Penerbitan SPDP oleh Ditkrimum Polda Maluku ini sebagai tindaklanjut laporan polisi nomor LP-B/596/XII/2018/SPKT, taanggal 8 Desember 2018 atas nama pelapor Ahmad Belasa, SH terhadap delapan orang ASN di lingkup Pemkab Buru.

Laporan polisi dibuat pemilik lahan melalui kuasa hukumnya Ahmad Belasa setelah Pemkab Buru tidak menyelesaikan pembayaran lahan seluas dua hektar milik Santoso.

Akibatnya sejak akhir 2018 lalu, proyek pembangunan SMP 45 maupun pembangunan alun-alun MTQ tingkat provinsi tahun 2019 di atas tanah milik Santoso Umasuggy di Kota Namlea disegel.

"Kami terpaksa melakukan penyegelan karena limit waktu pembayaran yang diberikan telah habis," kata Ahmad Belasa.

Penyegelan ini dilakukan dengan memasang baliho bertuliskan "Dilarang mengadakan kegiatan apa pun di lokasi ini selama belum ada izin dari pemilik lahan, dan bagi yang sengaja merusak sebagian atau seluruhnya isi informasi ini dijerat dengan pasal 406 KUHP dengan ancaman pidana penjara selama 2,8 tahun.

Sebab kliennya Santoso Umasuggy punya lahan berdasarkan akte jual beli tahun 1991 sehingga Pemkab Buru mau menggunakan lahan seluas dua hektare tersebut untuk tiga kepentingan di dalamnya.

Yang pertama adalah proyek pembangunan alun-alun MTQ tingkat provinsi, kemudian proyek pembangunan SMP 45, dan pemkab akan menggunakan lahan tersebut sebagai ruang terbuka hijau.

Sejak Agustus 2018, pemkab sudah menggunakan lahan itu setelah menghubungi pemilik lahan dengan memberikan kuasa khusus kepada Ahmad Belasa, SH untuk mengurusi proses penjualan dengan membuat sebuah surat perjanjian perikatan yang menghubungkan pemilik lahan dengan pemda selaku pihak pembeli.

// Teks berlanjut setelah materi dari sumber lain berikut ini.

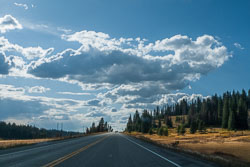 2009_usa_3383.jpg 2009_usa_3383.jpg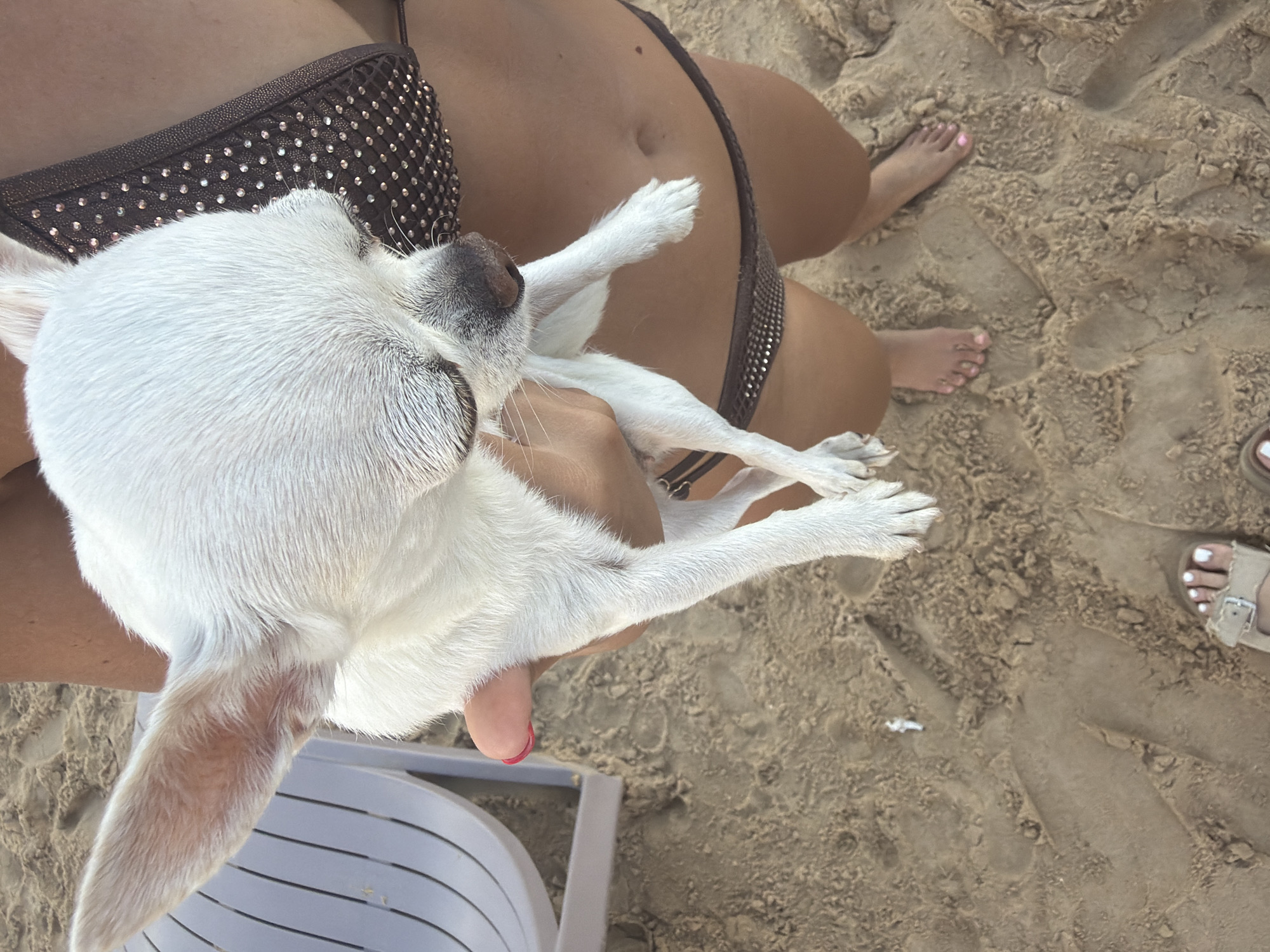 A person is holding a small white chihuahua on a sandy beach. The person is wearing a brown sequined bikini. The chihuahua is looking down. The sand is tan and appears wet in some areas, with footprints visible. In the background, a white lounge chair is partially visible. The location is Sharm El Sheikh, Egypt.
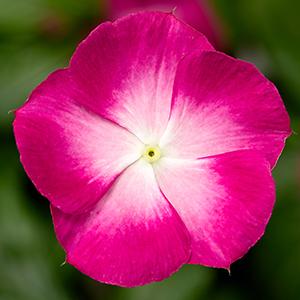 Vinca catharanthus roseus 'Cora XDR Magenta Halo'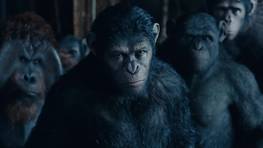 Cinma  : une bande-annonce pour La Plante des Singes : l'Affrontement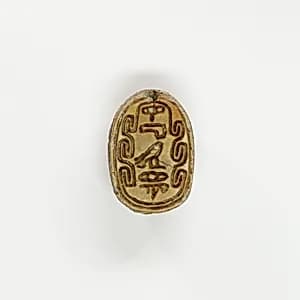 Scarab by Unknown Artist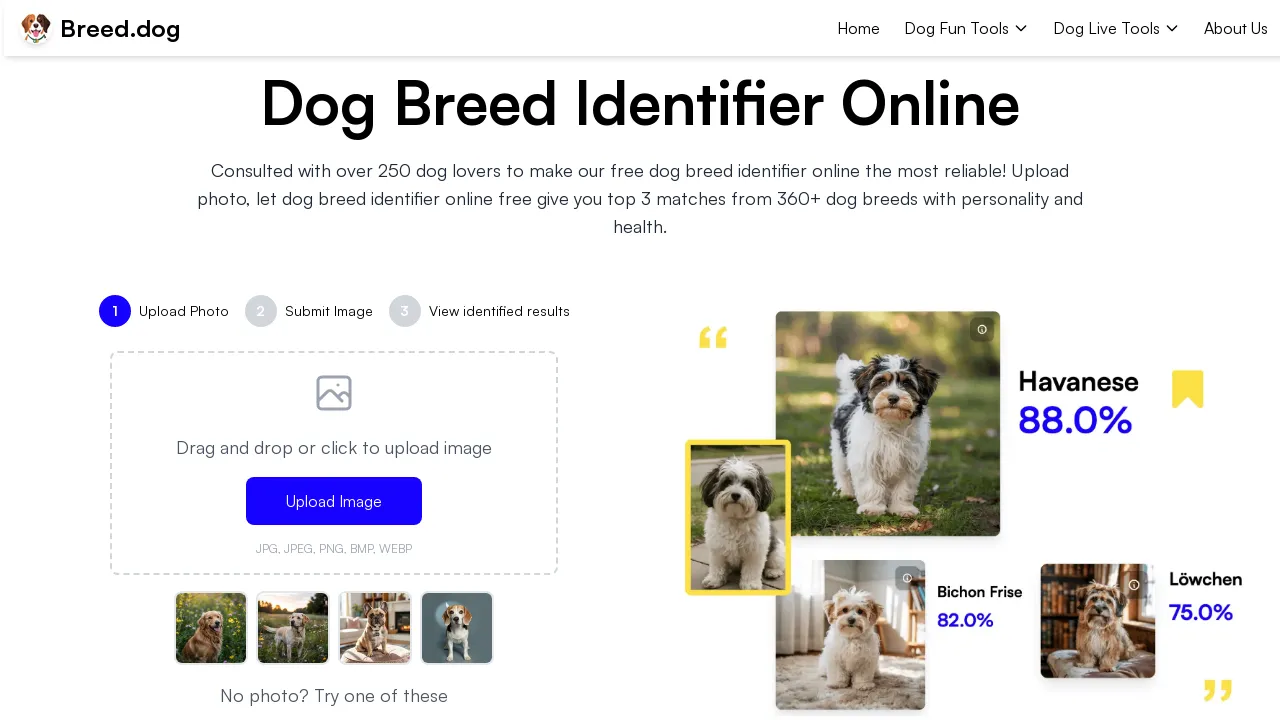 Dog Breed Identifier and dog care tools with AI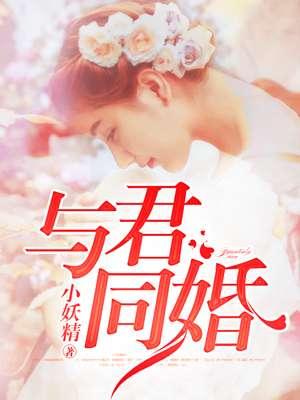 与君同婚封面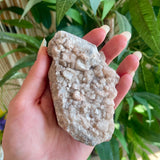 Dogs Tooth Calcite - Local - Shuniah Mines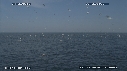 FOUS, DAUPHINS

Namun perjanjian ini selama 27 hari tidak ditandatangani Pemkab, dalam hal ini diwakilkan kepada Asisten II, Abas Pellu dan Kabag Pertanahan, Muhammad Rada.

Perjanjian itu sudah dibuat dengan Bupati Ramli Umasugy pada September 2018 dan Bupati menyatakan akan melakukan pembayaran, karena surat perjanjian yang dibuat tanggal 24 September ini harus dibayar lunas oleh Pemkab.

Tetapi Pemkab kemudian tidak mau menandatangani surat perjanjian perikatan antara pemilik lahan dengan pemkab yang diwakilkan oleh Asisten II dan Kabag Pertanahan.

"Akibatnya saya sempat melaporkan mereka ke Polres Buru dengan dasar penyerobotan lahan, sebab aktivitas pembangunan sudah dilakukan dan Polres memediasinya," kata Ahmad Belasa.

Sehingga Pemkab Buru menandatangani surat perjanjian perikatan yang dalam suratnya menyebutkan menunda dan memberikan ruang kepada Pemkab untuk membayar lunas lahan tersebut tanggal 20 Oktober 2018.

Ternyata sampai dengan jatuh tempo, Pemkab Buru tidak mau membayar lahan dengan alasan yang disampaikan Kabag Pertanahan bahwa ada komplain dari pihak lain atas lahan dimaksud.